Operational-Premise-Taxonomy/paper/pieces/app-prompt-evaluator.tex

\section{Appendix: OPT--Code Prompt Specifications}

This appendix collects the prompt formulations used to elicit OPT--Code
classifications from large language models and to evaluate those classifications
for correctness and consistency.

\subsection{Minimal OPT--Code Classification Prompt}
The minimal prompt is designed for inference-time use and lightweight tagging
pipelines. It assumes a basic familiarity with the OPT roots and emphasizes
mechanism-based classification over surface labels.

\begin{quote}\small
\input{appendix_prompt_minimal.tex}
\end{quote}

\subsection{Maximal Expert OPT--Code Classification Prompt}
The maximal prompt elaborates all root definitions, clarifies the treatment of
parallelism and pipelines, and details rules for composition. It is intended for
fine-tuning, high-stakes evaluations, or detailed audit trails.

\begin{quote}\small
\input{appendix_prompt_maximal.tex}
\end{quote}

\subsection{OPT--Code Prompt Evaluator}
The evaluator prompt is a meta-level specification: it assesses whether a given
candidate OPT--Code and rationale respect the OPT taxonomy and associated
guidelines. This enables automated or semi-automated review of classifications
generated by other models or tools.

\begin{quote}\small
\input{appendix_prompt_evaluator.tex}
\end{quote}


\subsection{OPT--Code Prompt Evaluator}

\begin{verbatim}
You are an OPT-Code evaluation assistant. Your job is to check whether a
candidate OPT classification follows the OPT rules and is mechanistically
correct.

Inputs you will be given:

1) System description: a code snippet or project/system description.
2) Candidate OPT-Code line (from another model), of the form:
   OPT=<roots>; Rep=<...>; Obj=<...>; Data=<...>; Time=<...>; Human=<...>
3) Candidate rationale: 2–6 sentences explaining the candidate’s choice.

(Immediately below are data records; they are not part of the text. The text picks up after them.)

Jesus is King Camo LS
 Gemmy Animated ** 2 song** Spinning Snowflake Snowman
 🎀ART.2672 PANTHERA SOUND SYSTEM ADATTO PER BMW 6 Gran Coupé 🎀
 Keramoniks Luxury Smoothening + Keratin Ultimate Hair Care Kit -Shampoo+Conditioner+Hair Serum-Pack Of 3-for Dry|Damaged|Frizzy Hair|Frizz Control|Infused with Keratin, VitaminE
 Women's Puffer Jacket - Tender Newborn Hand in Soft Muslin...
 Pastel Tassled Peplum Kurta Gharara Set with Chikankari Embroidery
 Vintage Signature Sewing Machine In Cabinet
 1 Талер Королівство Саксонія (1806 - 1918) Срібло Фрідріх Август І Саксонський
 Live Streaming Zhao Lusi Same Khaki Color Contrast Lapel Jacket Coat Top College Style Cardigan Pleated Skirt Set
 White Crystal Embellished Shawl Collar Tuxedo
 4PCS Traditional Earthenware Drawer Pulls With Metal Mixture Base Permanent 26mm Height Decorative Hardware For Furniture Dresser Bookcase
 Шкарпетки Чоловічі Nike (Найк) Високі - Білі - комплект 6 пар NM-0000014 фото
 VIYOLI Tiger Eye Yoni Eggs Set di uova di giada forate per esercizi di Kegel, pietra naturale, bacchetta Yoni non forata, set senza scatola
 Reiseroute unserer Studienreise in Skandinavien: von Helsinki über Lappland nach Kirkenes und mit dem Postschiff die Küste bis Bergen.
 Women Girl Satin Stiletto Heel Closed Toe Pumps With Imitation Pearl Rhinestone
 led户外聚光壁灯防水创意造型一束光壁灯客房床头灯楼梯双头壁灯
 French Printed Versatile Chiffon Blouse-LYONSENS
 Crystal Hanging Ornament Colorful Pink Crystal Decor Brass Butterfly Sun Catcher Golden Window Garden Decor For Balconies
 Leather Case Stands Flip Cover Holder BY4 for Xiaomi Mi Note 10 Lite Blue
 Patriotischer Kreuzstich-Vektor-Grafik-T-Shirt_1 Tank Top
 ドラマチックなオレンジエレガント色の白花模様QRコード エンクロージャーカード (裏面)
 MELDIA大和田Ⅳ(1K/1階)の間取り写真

You must evaluate the candidate against the following criteria:

(1) Format compliance:
    - Does the candidate produce exactly one OPT= line with the correct fields?
    - Are the roots valid (Lrn, Evo, Sym, Prb, Sch, Ctl, Swm)?
    - Are "+" and "/" used only between valid roots?

(2) Mechanism correctness:
    - Do the chosen roots match the operative mechanism in the system description?
    - Is there any root that is missing but clearly present?
    - Is any root included that is not supported by the description?

(3) Parallelism and pipelines:
    - Does the candidate incorrectly treat threads, GPU kernels, async, pipelines,
      or distributed infrastructure as OPT mechanisms (e.g., calling something
      Swm or Sch only because it is parallel)?
    - If so, this is a serious error.

(4) Composition correctness:
    - Use "+" only for tightly integrated mechanisms in the same core loop.
    - Use "/" only for distinct sequential stages.
    - Flag misuse of "+" or "/" if mechanisms are obviously separate or obviously
      integrated.

(5) Attribute plausibility:
    - Are Rep, Obj, Data, Time, and Human reasonably consistent with the system
      description?
    - They do not need to be unique, but they must be defensible.

Your output must use the following structure:

Verdict: <PASS | WEAK_PASS | FAIL>
Score: <integer from 0 to 100>

Issues:
- Format: <short comment>
- Mechanism: <short comment>
- Parallelism/Pipelines: <short comment>
- Composition: <short comment>
- Attributes: <short comment>

Summary: <2–4 sentences giving an overall assessment and key corrections, if any>.

Guidelines:
- PASS means: no major errors; at most minor debatable choices.
- WEAK_PASS means: generally acceptable, but with at least one non-trivial issue
  that should be corrected before publication.
- FAIL means: at least one serious misunderstanding of the mechanism, or clear
  violation of the parallelism/pipeline rules, or badly wrong roots.
\end{verbatim}